State Senator John Fonfara is currently working to secure funding for “Operation Spotless City,” a program that backers say will be “the first full-scale attempt ever to completely wipe Hartford of its graffiti blight.”
Fonfara said he is hoping to get the funding from several utility and communications companies, including AT&T, Connecticut Natural Gas, Connecticut Light & Power, United Illuminating, the Metropolitan District Commission and cable television providers. Fonfara said he decided to approach these particular companies because their utility boxes are often the targets of graffiti vandals.
Operation Spotless City would be a vast expansion of Knox Parks Foundation’s current anti-graffiti campaign, which receives its primary funding from the City of Hartford. AT&T has also donated a van and a pick-up truck to Knox to assist its anti-graffiti efforts.
According to a statement from Hartford’s Anti-Graffiti Task Force, “In 2009, Knox cleaned graffiti from 419 buildings and utility boxes. There were 2125 incidences of graffiti in Hartford that year. At the current level of funding, vandals create graffiti faster than Knox can remove it.”
In addition to Fonfara and Knox, the Anti-Graffiti Task Force includes Mayor Pedro Segarra, City Councilman Jim Boucher, Hartford Crime Stoppers, Hartford Business Improvement District, Hartford Police Department and Hartford Areas Rally Together. The Task Force is mounting a three-pronged assault on graffiti: education, enforcement and eradication. Operation Spotless City is the eradication element of the plan.
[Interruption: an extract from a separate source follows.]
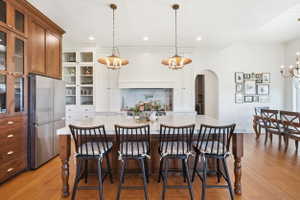 Open-concept kitchen featuring a large central island with marble countertops, cream cabinetry, integrated stainless steel refrigerator, and engineered hardwood flooring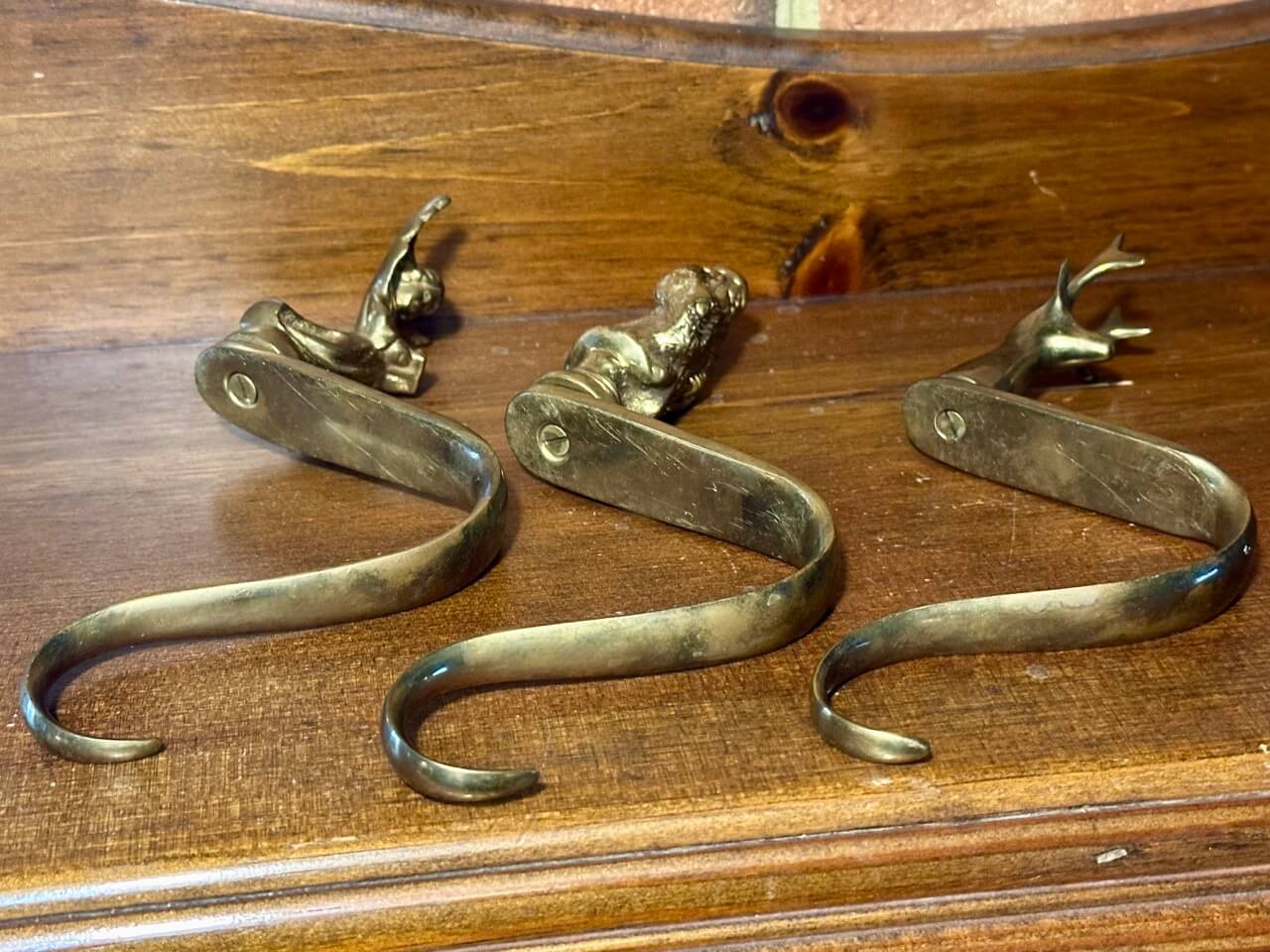 3 brass stocking hangers laying on their side on a wooden surface.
According to Knox, Operation Spotless City would cost approximately $137,000 for its first six months and $60,000 for each additional six-month period.
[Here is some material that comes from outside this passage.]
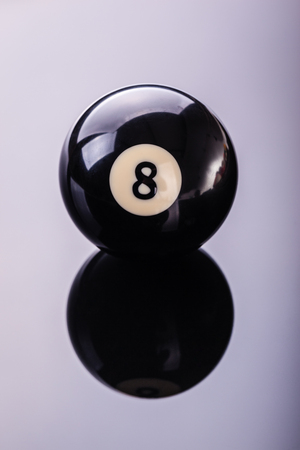 a pool black eight ball shot over a dark reflective surface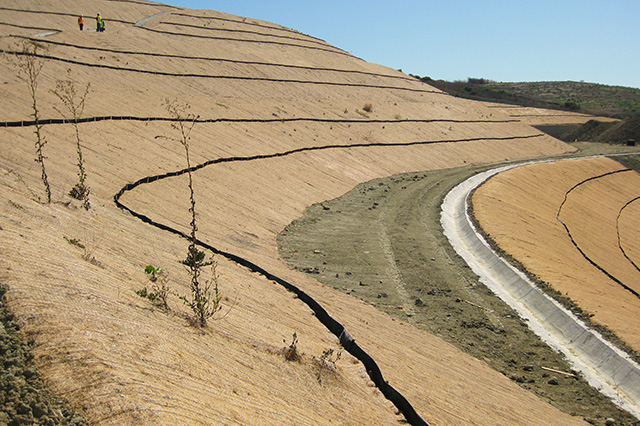 Erosion and sediment control products installed on sloped ground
In the initial stage of the program, Knox will use two work crews, one to remove graffiti and the other to paint over graffiti that cannot be removed.
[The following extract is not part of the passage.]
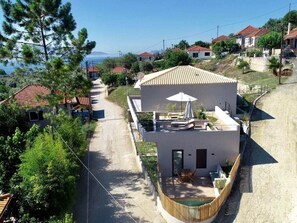 A modern two-story house with a patio, a view of the sea, and a hilly neighborhood. - Elsa Modern Apartment One bed with private outdoor seating. Ground level Apt1 (Pogonia)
Workers will be drawn from Knox’s Green Crew, most of whom are city residents, who will be certified by Sherwin Williams as Graffiti Abatement Specialists.
For the purposes of the program, Hartford will be divided into five sections: Southwest, Southeast, Northeast, Northwest and Central Business District (CBD). The Hartford Business Improvement District will be responsible for the CBD. The Knox crews will spend one day a week in the remaining four sections: Monday, Southwest; Tuesday, Southeast; Wednesday, Northeast; and Thursday, Northwest. Friday will used to respond to graffiti that has been called into the City’s 311 service and to accommodate postponements due to bad weather.
Fonfara said that eliminating graffiti shortly after it is created is the key to an overall reduction in this type of vandalism. “In some ways, people who create graffiti are like arsonists, they want to admire their work.”
According to a statement from the Anti-Graffiti Task Force, “The key to reversing Hartford’s graffiti trend is the rapid removal of graffiti throughout the city. Graffiti removed within 24 hours has only a 10 percent chance of recurrence. Graffiti removed after two weeks has almost a 100 percent chance of recurrence.”